↓↓↓

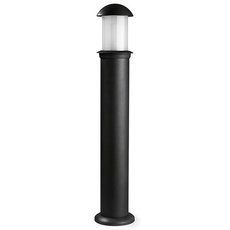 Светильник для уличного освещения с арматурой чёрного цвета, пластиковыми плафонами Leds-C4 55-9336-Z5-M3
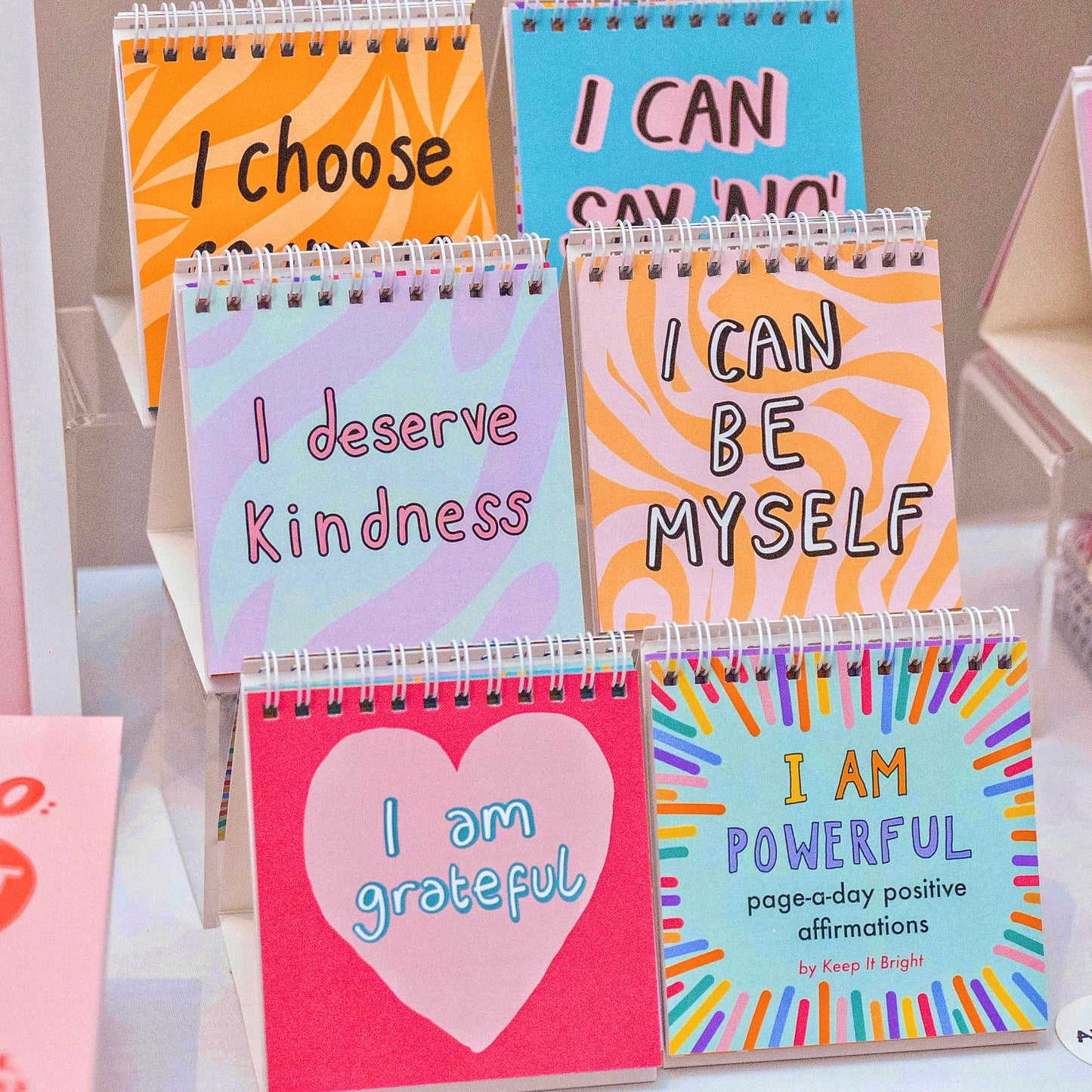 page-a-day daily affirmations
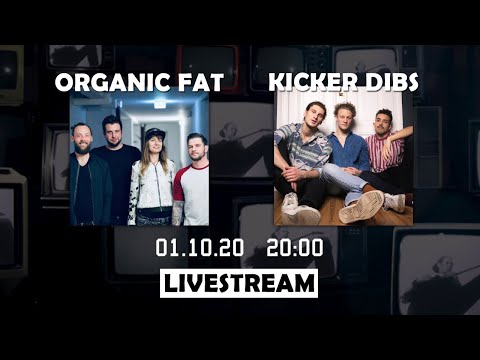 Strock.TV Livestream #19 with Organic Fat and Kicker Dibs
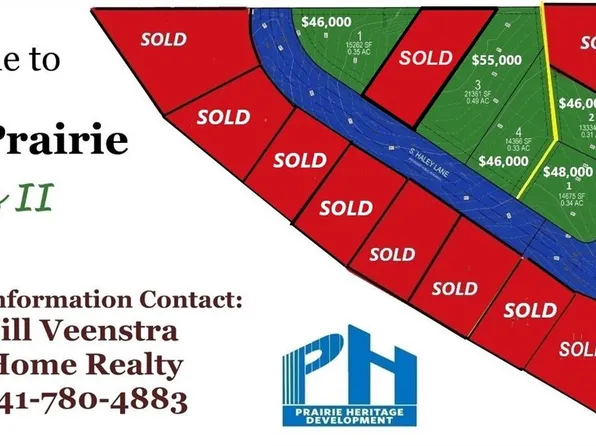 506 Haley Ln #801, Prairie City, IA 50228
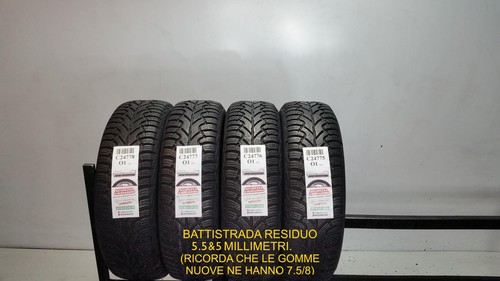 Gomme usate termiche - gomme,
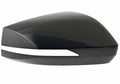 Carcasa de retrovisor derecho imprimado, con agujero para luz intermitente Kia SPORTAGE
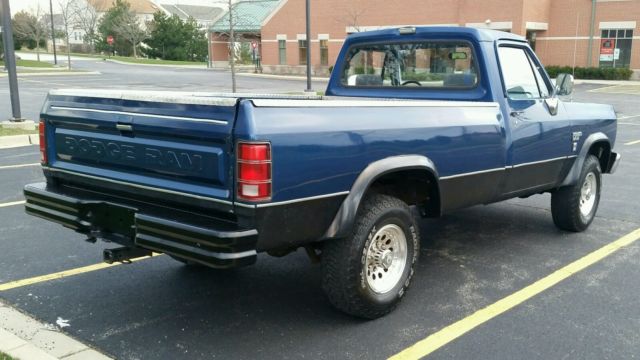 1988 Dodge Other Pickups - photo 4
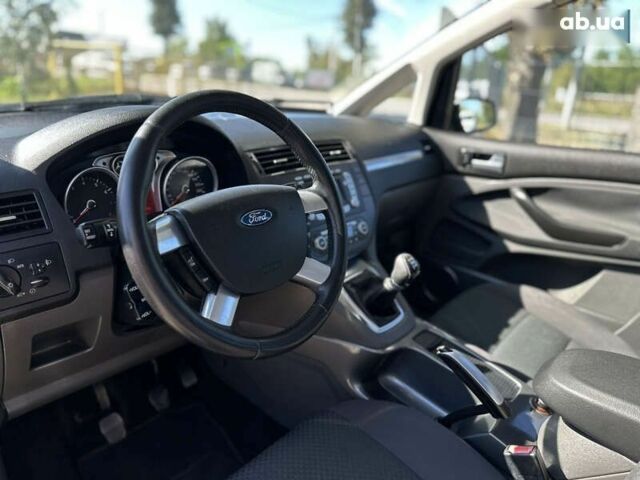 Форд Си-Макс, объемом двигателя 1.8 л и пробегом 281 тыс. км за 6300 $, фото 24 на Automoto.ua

↑↑↑

■ **Exercise prompt**
When you copy the listing above, reproduce every line exactly and skip the images.

■ **Answer for this exercise**
 Светильник для уличного освещения с арматурой чёрного цвета, пластиковыми плафонами Leds-C4 55-9336-Z5-M3
 page-a-day daily affirmations
 Strock.TV Livestream #19 with Organic Fat and Kicker Dibs
 506 Haley Ln #801, Prairie City, IA 50228
 Gomme usate termiche - gomme,
 Carcasa de retrovisor derecho imprimado, con agujero para luz intermitente Kia SPORTAGE
 1988 Dodge Other Pickups - photo 4
 Форд Си-Макс, объемом двигателя 1.8 л и пробегом 281 тыс. км за 6300 $, фото 24 на Automoto.ua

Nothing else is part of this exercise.